Somewhere below are a line with "Standby machine becomes" and a later line with "Hang Seng Index (HSI) slightly decreased". Output exactly those lines and all lines between them.

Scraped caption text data

╭──

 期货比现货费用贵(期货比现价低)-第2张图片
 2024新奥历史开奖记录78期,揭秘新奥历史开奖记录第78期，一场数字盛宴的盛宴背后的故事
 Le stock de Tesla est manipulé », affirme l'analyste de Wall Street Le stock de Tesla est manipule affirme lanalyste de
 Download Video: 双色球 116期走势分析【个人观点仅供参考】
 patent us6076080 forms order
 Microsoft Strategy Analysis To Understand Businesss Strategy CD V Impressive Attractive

╰──
╭──

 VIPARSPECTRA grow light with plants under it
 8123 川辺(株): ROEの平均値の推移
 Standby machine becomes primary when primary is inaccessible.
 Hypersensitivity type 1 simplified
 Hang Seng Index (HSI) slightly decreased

╰──
╭──

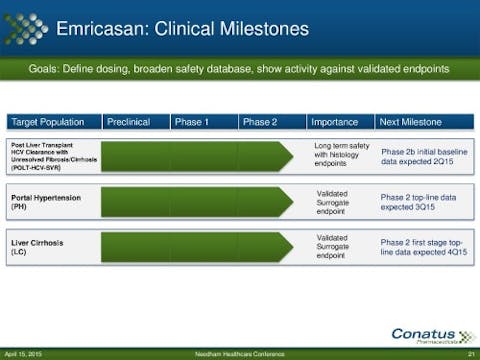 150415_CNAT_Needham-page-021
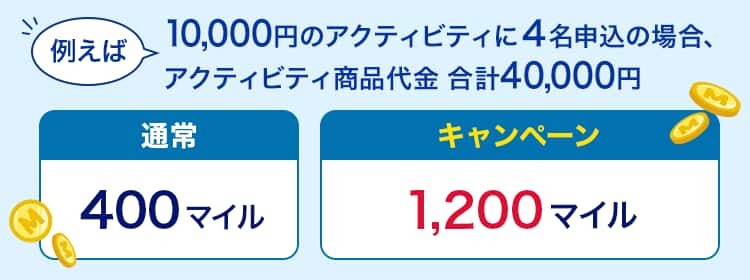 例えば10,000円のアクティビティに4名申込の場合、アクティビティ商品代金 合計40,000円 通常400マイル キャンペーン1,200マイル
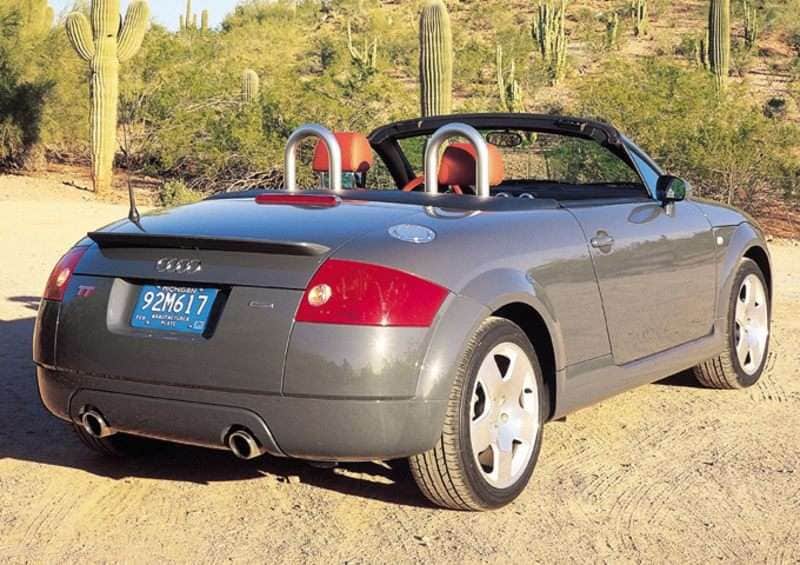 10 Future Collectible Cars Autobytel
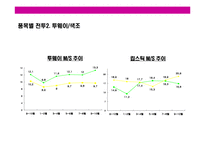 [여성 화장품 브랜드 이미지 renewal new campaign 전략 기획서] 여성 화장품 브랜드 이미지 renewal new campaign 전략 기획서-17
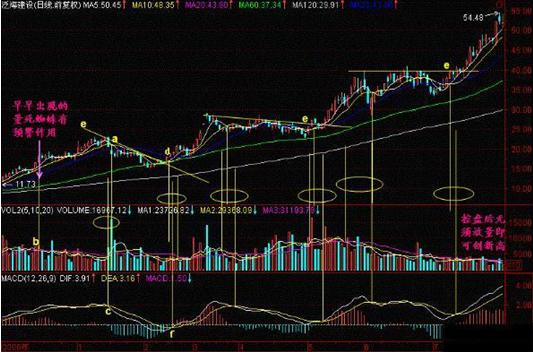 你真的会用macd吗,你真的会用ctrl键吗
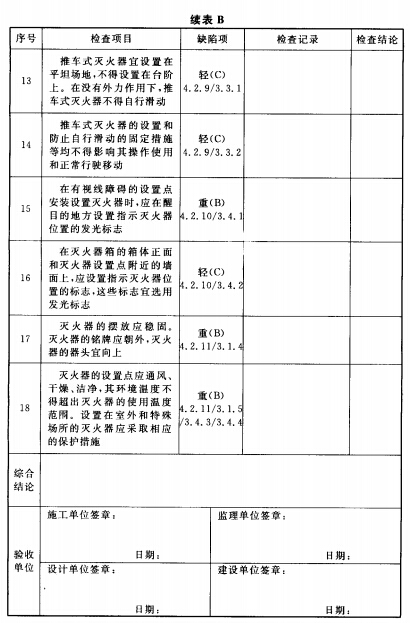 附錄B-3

╰──

■ Result:
 Standby machine becomes primary when primary is inaccessible.
 Hypersensitivity type 1 simplified
 Hang Seng Index (HSI) slightly decreased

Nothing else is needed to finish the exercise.